As the commissioners and public addressed language and guiding principles they would like to see addressed in the position statement, Metropoulos grew more and more agitated, and said that the board should trust him to finish a final rewrite before he officially tendered his resignation. 

Commissioner Boone Cole said after the resignation that he has been a supporter of Metropoulos, but that he would not sign or approve a document when he has not seen a final version. 

The commissioners were split on whether or not the resignation spells doom for participating in compact negotiations. 

“This closes that window of negotiations,” Commissioner Shane Orien said. “We asked to negotiate, and they’ve offered to negotiate after a year and now what’s going to happen with it we don’t know ... I’m almost embarrassed to sit here sometimes.” 

But other commissioners said the board can move forward without the attorney. 

“We don’t need Jon to carry forward,” Commissioner Ted Hein said. “We can meet with the (attorney general) ourselves and we can negotiate. Carry on.” 

Hein suggested the board send “real irrigators” to negotiate with state officials, instead of only commissioners and legal experts. 

Commissioner Kerry Doney agreed that the board could move forward in the negotiating process. 

“You’ve got your negotiating team here minus Jon Metropoulos,” Doney said. “Go meet with them and find out what’s going on. What have we got to lose?” 

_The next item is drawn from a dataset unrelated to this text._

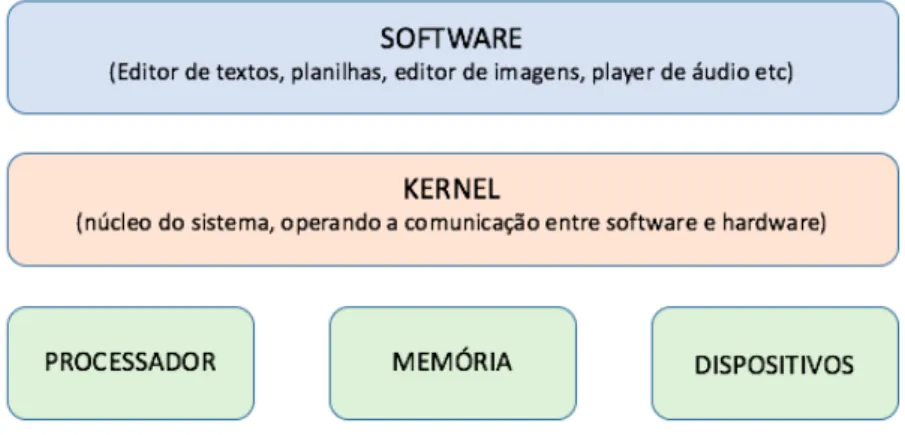 FIGURA 1 – Kernel (núcleo) do sistema: a ponte entre software e hardware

The board approved the position statement in Metropoulos’s absence. It calls for the Flathead Board of Joint Control to have ownership of the bare legal title of water flowing through the Flathead Indian Irrigation Project and property owners to have the beneficial use title to the water. 

The statement also says that the board wants irrigation water delivered under the compact to be verified as equivalent to historic use. 

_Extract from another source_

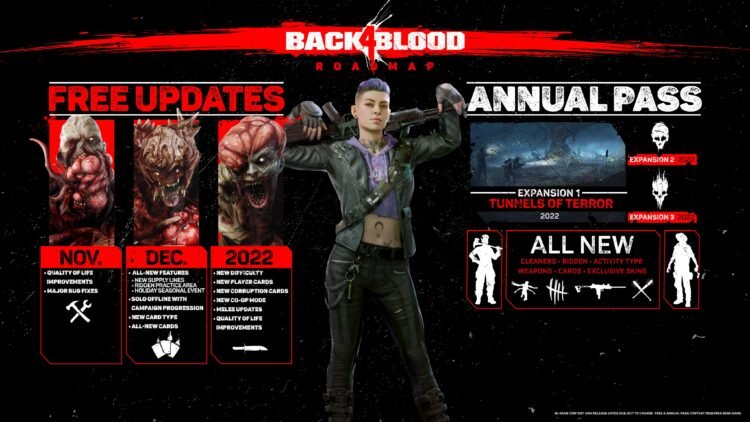 Back 4 Blood Roadmap Has Been Officially Revealed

The Flathead Joint Board of Control also wants to rework the structure of the Unitary Management Ordinance that would create a board of tribal and non-tribal members to handle certain water issues that arise on the Flathead Reservation in the future. This element of the compact is currently not within scope of the renegotiation process, which is narrowly focused on addressing concerns related to water rights of the Flathead Indian Irrigation Project. 

Commissioners were unsure how they would move forward with contacting the governor’s office and attorney general’s office. That had been Metropoulos’s function previously, and the commissioners were unsure of their relationship with other legal firms and experts the board had hired at Metropoulos’s request. 

Even if one of the state’s top environmental law firms, Gough, Shanahan, Johnson & Waterman, agreed to continue representing the board, Commissioner Orien was unsure of whether that is a financially viable option. The board budgeted $16,000 for the firm’s hourly wages, and costs have gone $9,000 over budget in the two months the firm has been working for the board. 

“We might need to look at other options because it is getting very expensive very fast,” Orien said. 

Commissioners gave no indication of how Metropoulos’s resignation would impact upcoming deadlines in a number of court cases the board is involved in. A hearing was scheduled for Monday in Missoula federal district court for a case filed in April by the Flathead Irrigation District. The district sued for turnover of operations of the Flathead Indian Irrigation Project from the Bureau of Indian Affairs to the Flathead Joint Board of Control. Those proceedings were ongoing as of press time.